If your dog is quite comfortable with you treating the area, you can try the following things:

  • Mix lukewarm water (bottled is best) with half a teaspoon of salt. Splash this onto the affected eye, and then clean carefully with a cotton wool pad, ridding the area of any debris or any watery discharge.
  • Apply cooled chamomile tea to a cotton wool ball and clean your dog’s affected eye carefully. Always ensure that the tea has cooled sufficiently, as the area will be very sensitive.
  • You could also make your own herbal eye drop, by mixing calendula, chamomile, eyebright, and red clover together, in equal measurements, and using a dropper to apply the eye drop to the affected eye. You should do this three times per day. If you’re not sure how to use herbs in this way, this may not be the best first course of action, but if you have experience, it can be a good way to soothe the area and rid your dog of inflammation.

If you think that your dog’s blepharitis is down to an allergic issue, you can try giving them an antihistamine drug, such as Benadryl. Always check with your vet before giving your dog any medication such as this, but overall, Benadryl is safe for pets and very successful at relieving symptoms which are due to allergies, including blepharitis and swollen eyes overall.

Do not use Benadryl if your dog has any history of high blood pressure, glaucoma, or cardiovascular disease.

If all is well, you can give your dog Benadryl safely, provided you know their body weight. The standard dosage is usually 1mg per pound of their body weight, and it is administered 2 or 3 days per day.
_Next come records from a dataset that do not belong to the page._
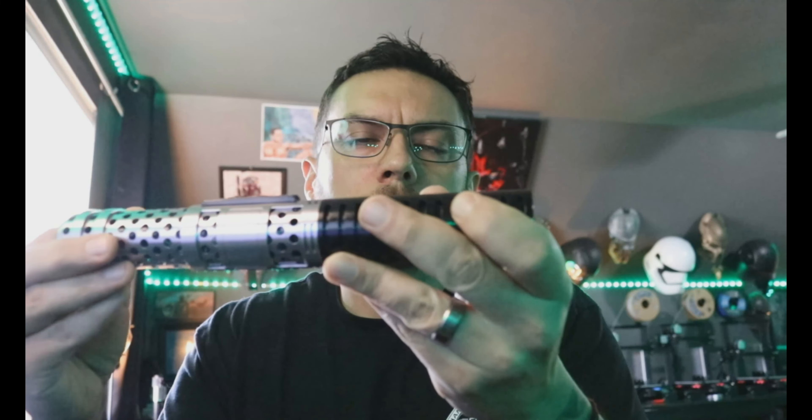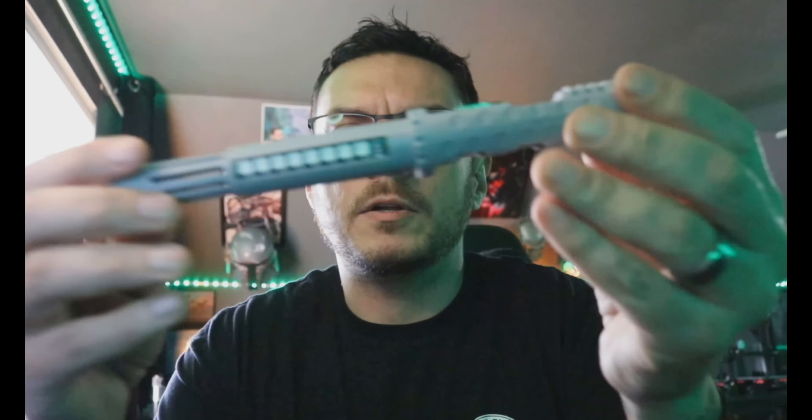When you're done, you can come over here and take this emitter piece out without taking the blade plug out. To remove the chassis, unscrew your pommel, then come over here and give it a gentle push until it pops out, and you can pull it all the way out with your hand. To take the battery out, come over from the positive side by the speaker and you should be able to pop it out with your finger, no problem.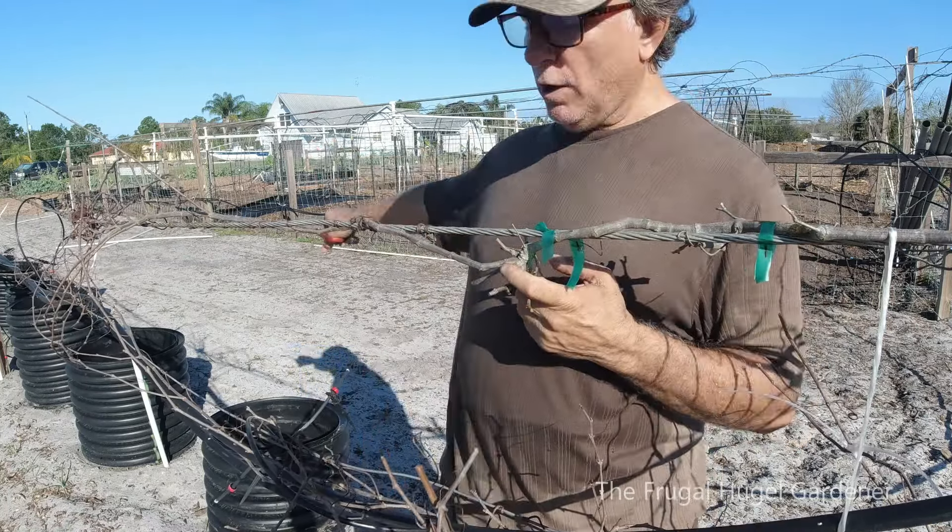Right over here you can see this big one — one, two. Right here, one, two. And right here, count — one, two — this can be cut right here. And this one can be cut right here. One, two, one, two — so these can be cut right here.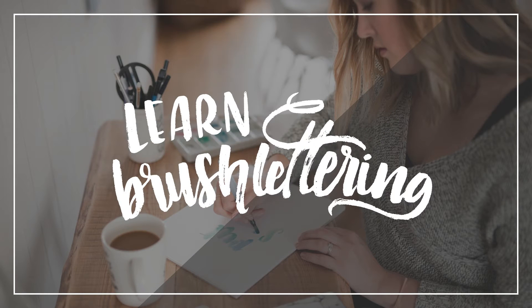Hey guys, Colleen here. I'm the DIYer behind LemonThistle.com. I am so excited to announce my new e-course.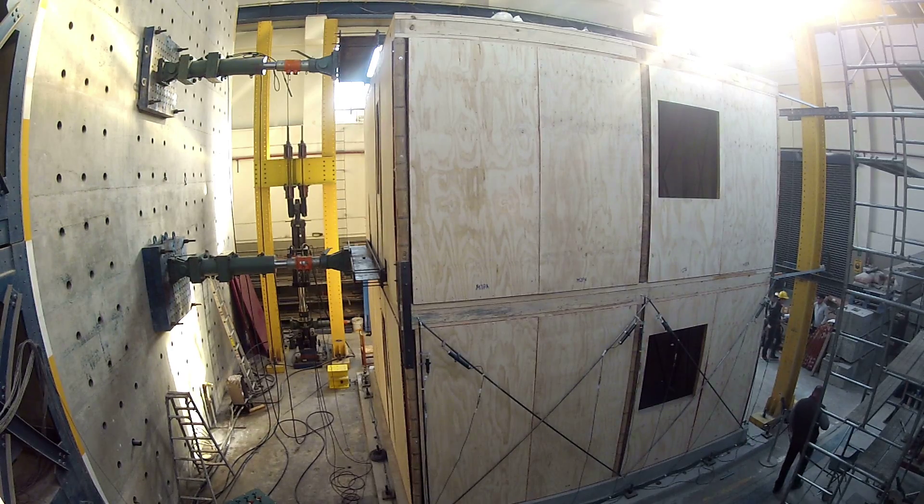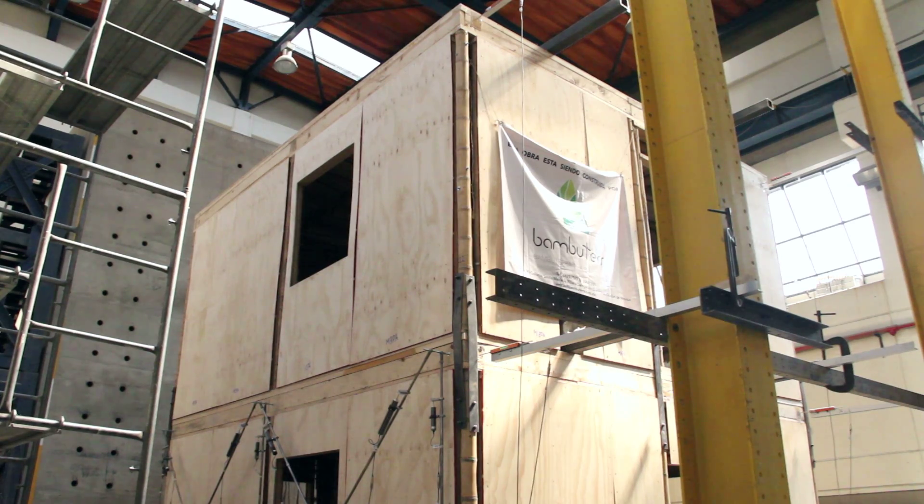We have worked a lot with walls — simply the wall — but now a complete structure. It is a bit expensive to make a complete structure. I think this is one of the first 1-to-1 buildings that we have tested in the Altiplano.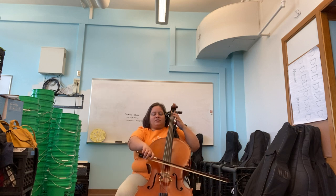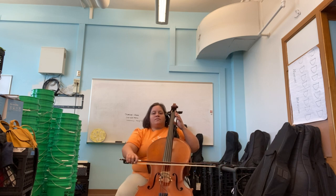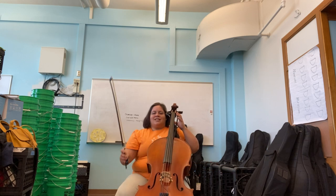Very good! Now let's do this on open D and G, two times. Stay on D. Go to G, stay on G. That's it!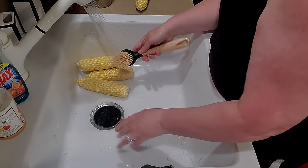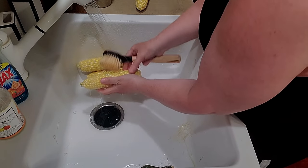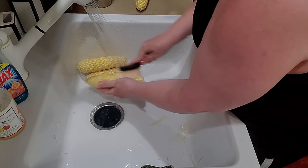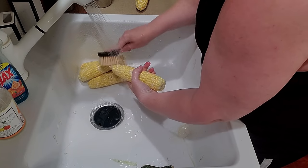I'll lay them up here and then I'm going to show you how to cut it off the cob. This is just corn from the grocery store — I think I actually got this at Walmart.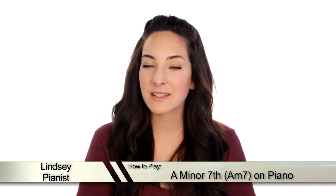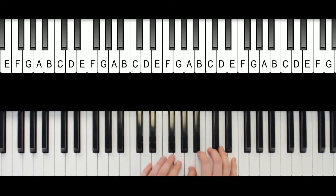Hey, what's up guys? It's Lindsay. Today we're going to be talking about how to play an A minor 7 chord. This is one of the more popular ones that you might need in a song, so pay particular attention to this one. This one starts on a G, then an A, C, and E. So it's just an A minor chord with a 7 in the left hand.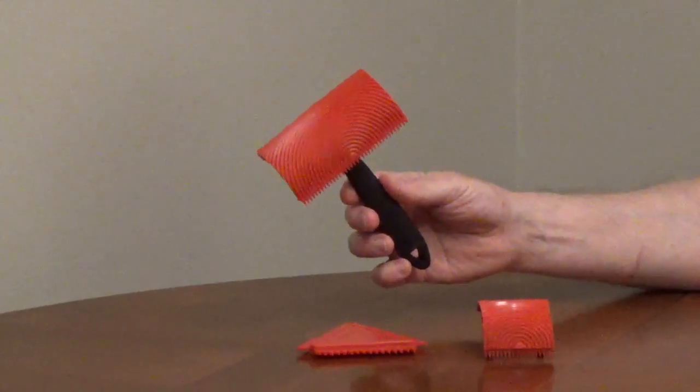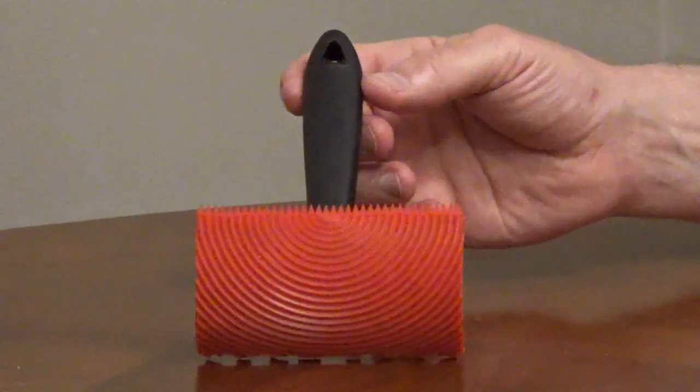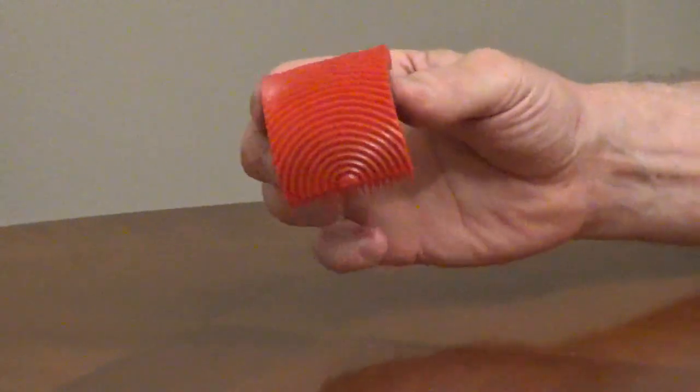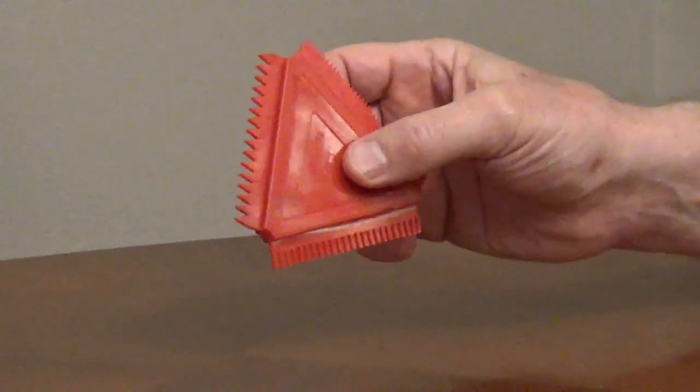The All-Way wood graining set comes with a handle and three graining tools. The 4-inch wide curved tool and the 2-inch wide curved tool connect to the handle. The triangular comb has three patterns.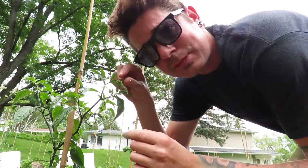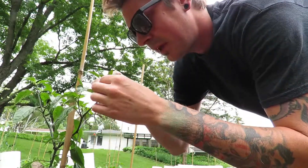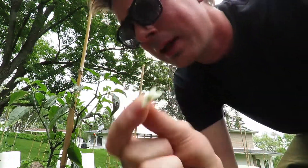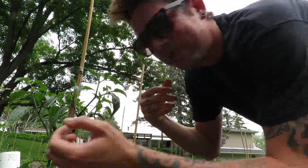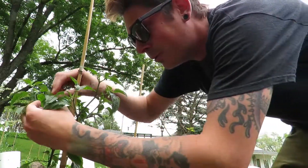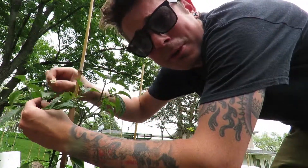So I've taken them off. What I'm also going to do is pluck the flowers off, for the same reason — so instead of them becoming peppers, we're just going to let the plant grow a bit more.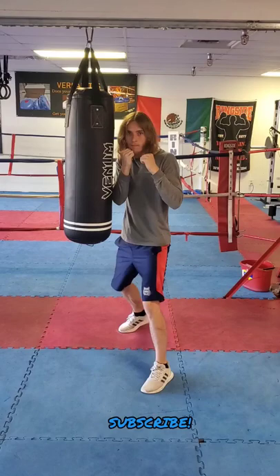If you don't have ring ropes to use, you can also use a heavy bag or even a wall. Try it out and let me know what you think.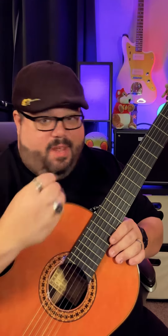If you're looking for an easy intro to fingerstyle or an intro to classical guitar style, here you go.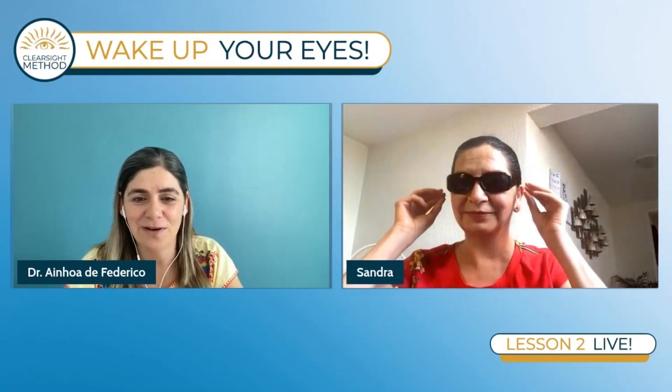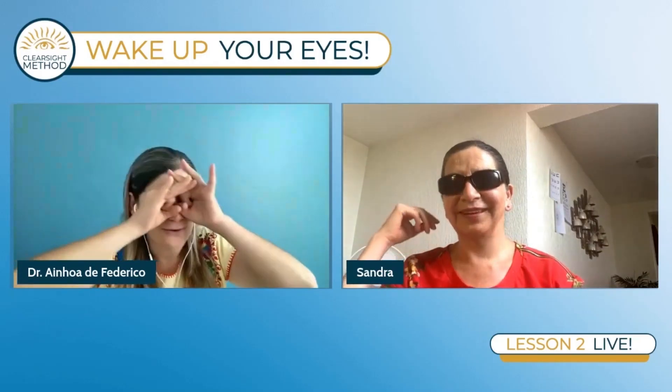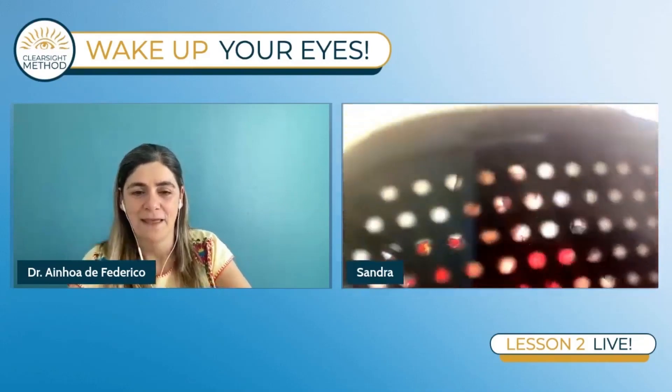The pinhole glasses already have in them the little holes that we were looking through, because when you go out on the street, you probably don't want to hold your finger up to your eye — it wouldn't be very comfortable, and you need your hands for many things. So can you show the pinhole glasses closer to the camera?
Swollen eyes can certainly be annoying and painful for your dog. If you can think back to any time when you have suffered with an eye infection or pain in that area, you will know yourself how much of a discomfort it can be.

Your dog is feeling all of this and cannot vocalize what is going on! By knowing the signs, you can help him or her rid themselves of their symptoms quickly, and in the safest possible way.

Remember, if you are at all concerned, contact your vet for extra help and support.